Suasananya sangat meriah. Di luar gedung berkibar liwa dan raya di berbagai sudut dengan berbagai ukuran. Di kiri-kanan jalan masuk terdapat papan billboard yang ditempeli berbagai poster dengan aneka ragam tulisan, di antaranya: “Dawlah Khilâfah Dawlah Ri’âyah lâ Dawlah Jibâyah”; “Kapitalisme Hanya Menguntungkan Orang Kaya, Tapi Tidak bagi Orang Miskin”, di antaranya dengan latar gambar Bill Gates. Di kiri-kanan pintu masuk utama gedung pertemuan terpasang kain sangat panjang bertuliskan Lâ Ilâha illâ Allâh yang dibentangkan dari bagian tengah gedung ke bawah melintang kolam kering di depan gedung. Bagian dalam gedung sendiri langit-langitnya dihiasi dengan bentangan kain oranye, sementara di belakang panggung terpampang back-drop berisi tulisan acara dan tema Konferensi, “Menuju Dunia yang Aman dan Stabil di bawah Naungan Sistem Ekonomi Islam,” yang ditulis dalam bahasa Arab dan Inggris.

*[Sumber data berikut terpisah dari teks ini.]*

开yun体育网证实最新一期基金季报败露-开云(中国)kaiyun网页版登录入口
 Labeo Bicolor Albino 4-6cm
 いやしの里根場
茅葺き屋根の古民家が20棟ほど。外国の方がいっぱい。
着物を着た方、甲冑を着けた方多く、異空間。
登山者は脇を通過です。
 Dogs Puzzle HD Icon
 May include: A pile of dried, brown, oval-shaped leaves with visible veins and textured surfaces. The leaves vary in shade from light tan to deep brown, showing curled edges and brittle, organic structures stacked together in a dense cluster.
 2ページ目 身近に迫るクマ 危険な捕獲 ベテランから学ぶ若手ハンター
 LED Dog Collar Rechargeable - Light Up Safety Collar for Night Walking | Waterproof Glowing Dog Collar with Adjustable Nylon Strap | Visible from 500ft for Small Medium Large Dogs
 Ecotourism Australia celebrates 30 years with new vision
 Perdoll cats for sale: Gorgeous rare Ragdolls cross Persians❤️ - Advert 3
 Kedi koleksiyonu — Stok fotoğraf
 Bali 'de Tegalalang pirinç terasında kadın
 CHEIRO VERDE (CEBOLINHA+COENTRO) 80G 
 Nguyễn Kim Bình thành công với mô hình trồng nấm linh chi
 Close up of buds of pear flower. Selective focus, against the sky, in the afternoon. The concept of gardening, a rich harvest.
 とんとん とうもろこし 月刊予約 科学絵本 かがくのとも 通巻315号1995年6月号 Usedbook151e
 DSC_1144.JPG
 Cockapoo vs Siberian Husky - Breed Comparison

Agak sedikit terlambat 20 menit, sambil merapikan hal-hal kecil di sana-sini, acara dimulai pukul 10.20 waktu setempat. Tempat baru terisi 50%. Mendekati 1 jam kemudian, tempat hampir terisi penuh, termasuk tempat untuk peserta perempuan. Peserta laki-laki rata-rata berpakaian biasa, santai. Beberapa orang tampak berpakaian gamis putih dengan sorban khas Sudan. Hadir pula mantan Menteri Keuangan Sudan yang hadir dalam sesi pertama. Adapun peserta perempuan berpakaian khas jilbab Sudan yang kerudungnya dililit-lilitkan tak teratur di kepala, kemudian dijulurkan ke leher dan dadanya, dengan aneka warna yang mencolok.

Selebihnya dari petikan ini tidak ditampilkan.